Thomas Gordon, 84; Conflict Resolution Trainer


Thomas Gordon, a clinical psychologist who developed a system to train parents, teachers and businessmen in no-lose conflict resolution to improve relationships in families, schools and the workplace, has died. He was 84.

Gordon, founder of Gordon Training International, which has tutored more than 1 million people in 40 nations, died Monday in the San Diego County town of Solana Beach from prostate cancer.

Once a president of the California Psychological Assn., Gordon developed his technique in the 1950s while working as a management consultant with Edward Glaser & Associates in Pasadena.

When he moved into private practice amid the anti-establishment hippie and drug culture of the 1960s, he began teaching paying couples--beginning with a class for 14 parents in a Pasadena cafeteria--to use his methods to deal with their rebellious teenagers.


Eschewing both authoritative and permissive approaches to parenting, Gordon advised moms and dads to practice nonjudgmental “active listening” and express their own needs in statements beginning with “I” rather than an accusative “you.” Finally, he said, the parent should encourage the child to propose a solution to compare with the parent’s solution, and then they should arrive at a “no-lose” compromise satisfactory to both.

In 1970, Gordon described his plan in the book “Parent Effectiveness Training: The No-Lose Way to Raise Responsible Children.”

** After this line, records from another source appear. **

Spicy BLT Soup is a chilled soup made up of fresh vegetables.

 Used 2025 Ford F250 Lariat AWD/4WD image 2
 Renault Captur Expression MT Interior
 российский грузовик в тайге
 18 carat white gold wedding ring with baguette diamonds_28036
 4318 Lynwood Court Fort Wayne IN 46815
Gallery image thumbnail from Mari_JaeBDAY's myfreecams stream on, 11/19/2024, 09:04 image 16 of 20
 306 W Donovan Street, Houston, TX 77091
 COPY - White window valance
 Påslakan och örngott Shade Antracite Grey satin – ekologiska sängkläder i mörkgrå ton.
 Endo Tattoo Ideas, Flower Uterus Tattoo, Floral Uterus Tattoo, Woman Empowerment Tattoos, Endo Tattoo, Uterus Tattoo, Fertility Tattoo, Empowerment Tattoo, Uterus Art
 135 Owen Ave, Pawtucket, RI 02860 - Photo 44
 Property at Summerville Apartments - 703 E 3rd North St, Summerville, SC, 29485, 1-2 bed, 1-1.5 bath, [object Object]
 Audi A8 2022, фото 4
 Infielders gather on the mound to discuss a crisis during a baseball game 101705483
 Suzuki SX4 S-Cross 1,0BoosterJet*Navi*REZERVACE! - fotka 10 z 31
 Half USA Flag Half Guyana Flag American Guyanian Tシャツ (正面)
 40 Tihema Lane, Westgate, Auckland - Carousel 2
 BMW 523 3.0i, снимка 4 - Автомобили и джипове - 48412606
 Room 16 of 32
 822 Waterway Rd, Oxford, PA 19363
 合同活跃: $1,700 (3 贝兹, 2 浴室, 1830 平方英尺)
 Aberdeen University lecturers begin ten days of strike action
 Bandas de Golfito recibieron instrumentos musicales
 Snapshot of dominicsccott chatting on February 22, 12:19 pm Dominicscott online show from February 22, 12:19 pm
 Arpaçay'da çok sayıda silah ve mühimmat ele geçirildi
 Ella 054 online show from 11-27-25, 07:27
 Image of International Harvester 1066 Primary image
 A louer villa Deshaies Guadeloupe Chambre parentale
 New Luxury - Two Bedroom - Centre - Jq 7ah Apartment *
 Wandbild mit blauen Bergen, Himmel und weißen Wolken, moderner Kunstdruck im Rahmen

“If parents could learn only one thing from this book,” he wrote halfway through the text, “I wish it were this: Each and every time they force a child to do something by using their power or authority, they deny that child a chance to learn self-discipline and self-responsibility.”

A Times reviewer praised Gordon’s effort as “very readable” and added: “This is an exciting book revealing new techniques and offering testimony that this is a workable philosophy in modern homes.”


In a 1976 follow-up volume, “P.E.T. in Action,” Gordon wrote about parents’ experience with his techniques, but it was the original how-to book that remained most popular.

“Many parents confuse ‘listening’ and ‘talking,’ ” Gordon told a Times columnist in 1979. “In fact, when children are upset or troubled, most parents don’t listen at all. They moralize and preach, criticize and give advice.”

The original book, revised in 2000, has sold more than 5 million copies in 33 languages, according to Gordon Training International spokesmen in Solana Beach.

Applying the model to schools and business, Gordon also wrote the books “Teacher Effectiveness Training” and “Leader Effectiveness Training.”

For more than three decades, he trained thousands of people to teach his conflict-resolution, relationship-building skills in eight-week courses that spread from Pasadena around the world.

His work led to his nomination for the Nobel Peace Prize in 1997, 1998 and 1999. The California Psychological Assn. and the American Psychological Foundation gave him lifetime achievement awards.

Born in Paris, Ill., on March 11, 1918, Gordon earned his bachelor’s degree at DePauw University in Greencastle, Ind., and his master’s at Ohio State University. After service in the Army Air Forces during World War II, he earned a doctorate from the University of Chicago and taught there for five years.

Gordon is survived by his wife, Linda Adams, who will continue his company’s work as president; two daughters, Michelle Adams of Carlsbad and Judy Verret of Birch Bay, Wash.; two granddaughters; and one great-granddaughter.


A celebration of Gordon’s life is being planned for Saturday. The family said he requested that, instead of flowers, memorial donations be made to his favorite charities, Prevent Child Abuse America, 200 S. Michigan Ave. 17th Floor, Chicago, IL 60604-2404, or the Carter Center, Office of Development, 1 Copenhill, Atlanta, GA 30307.